Should be noted that the conservative party is also the party that cut ABC funding (Australian Broadcasting Corparation - the public broadcaster. least biased. Most attacked by cuntservatives). Meaning the ABC couldn’t afford to produce Bluey solely on their own, meaning they had to sign deals with BBC and such, which gave the BBC full merchandising rights. So, given Bluey is an Australian created world-wide smash hit, not one cent goes back to australia (minus anything from the original creators). So again, the fiscally conservative party, screwed over the people again. Then had the audacity to attack the ABC for the bad deals created for Bluey.
Massive tangent there, I apologise. However, my main point was, the majority may need more than 1gbit, or more than a couple hundred mbit right now, but it will at least be future-proofed for a good while, saving more money in the long run.
Interesting read! But still doesn’t address my question!
I’m on 1/0.7gbps since IDK almost 10 years? Family, Minecraft servers, I build P2P stuff, we all watch videos and so on.
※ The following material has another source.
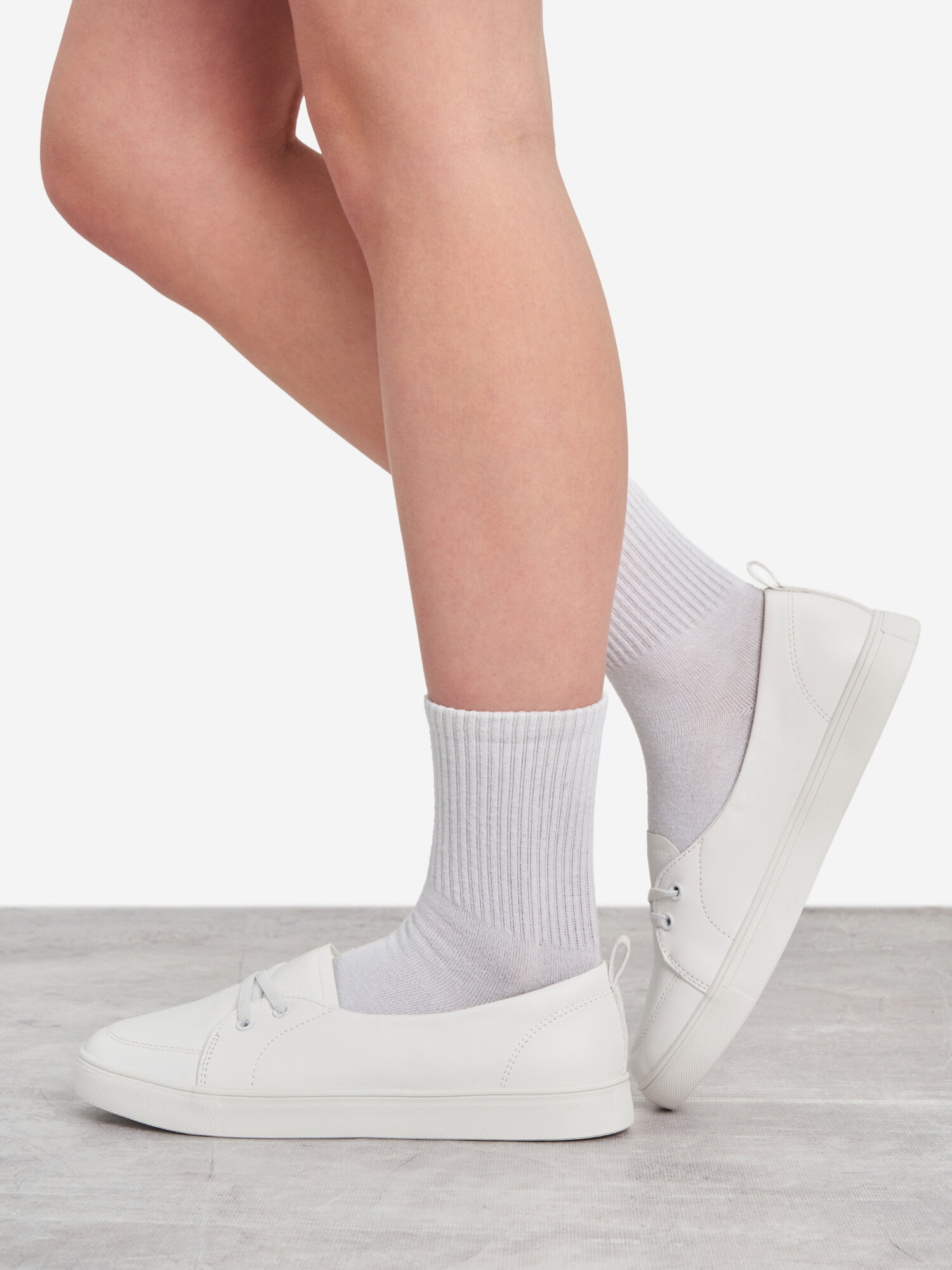 Полуботинки Low top shoes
As I explained elsewhere, I’m actually on 2.5gb(+1+1+.5 or something) but havent felt the need to upgrade my local 1gb network. 10gb is only +10€/m too if I need that.
But I don’t, so I wonder what people would/is use it for, not if 20mb is enough 😁. Were mostly even on wifi, and that’s only 0.6gb…
Excellent justification for my constant desire to punch Malcolm Turnbull repeatedly in the face.
That cockhead set back the entire country a decade just so he could knife the PM and get 15 minutes in the top chair before getting knifed himself.
God I hope he falls over on the shower and lands anus first on a shampoo bottle.
Also, what do you do with > 1gbit fiber??
instead of saving anything to a hard drive you just keep a constant stream of download <-> upload going to keep the data in the tubes
Fantastic 😁!
maybe they can say internet freedom
I suppose they can do about 25x more. But that’s just my bad math.
Switzerland can be driven from top to bottom in about 4 hours. The entire country. It’s tiny. That’s how.